_TASK DETAILS_. Each line of the data below from the one holding "Fiat Grande Panda" to the one holding "ट्रॉलर विक्रीसाठी", inclusive, is to be reproduced exactly; no other line belongs in the answer.

_PROVIDED DATA_.
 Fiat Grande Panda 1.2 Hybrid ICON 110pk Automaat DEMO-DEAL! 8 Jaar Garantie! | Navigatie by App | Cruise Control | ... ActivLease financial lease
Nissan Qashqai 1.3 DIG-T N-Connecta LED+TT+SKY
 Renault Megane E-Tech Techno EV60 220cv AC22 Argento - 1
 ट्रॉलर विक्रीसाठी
...
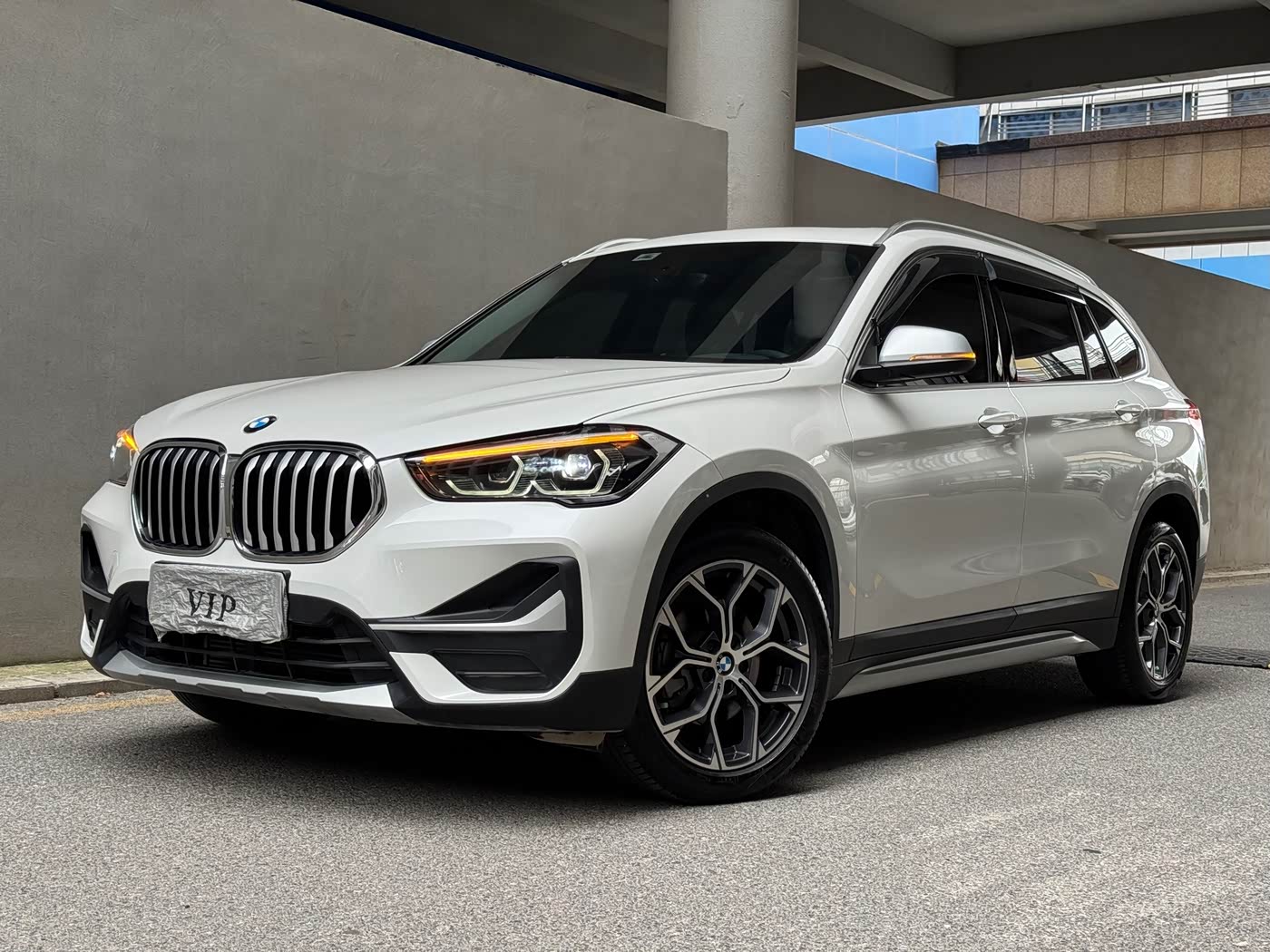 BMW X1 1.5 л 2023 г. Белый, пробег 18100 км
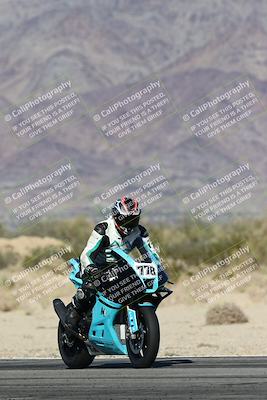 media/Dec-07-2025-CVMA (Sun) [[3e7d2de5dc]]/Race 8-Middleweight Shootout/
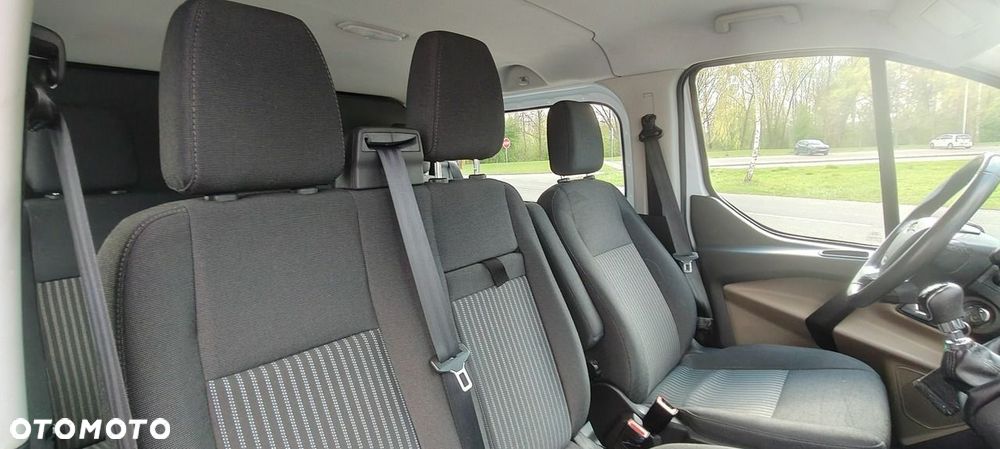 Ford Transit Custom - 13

_THE ANSWER_.
 Fiat Grande Panda 1.2 Hybrid ICON 110pk Automaat DEMO-DEAL! 8 Jaar Garantie! | Navigatie by App | Cruise Control | ... ActivLease financial lease
Nissan Qashqai 1.3 DIG-T N-Connecta LED+TT+SKY
 Renault Megane E-Tech Techno EV60 220cv AC22 Argento - 1
 ट्रॉलर विक्रीसाठी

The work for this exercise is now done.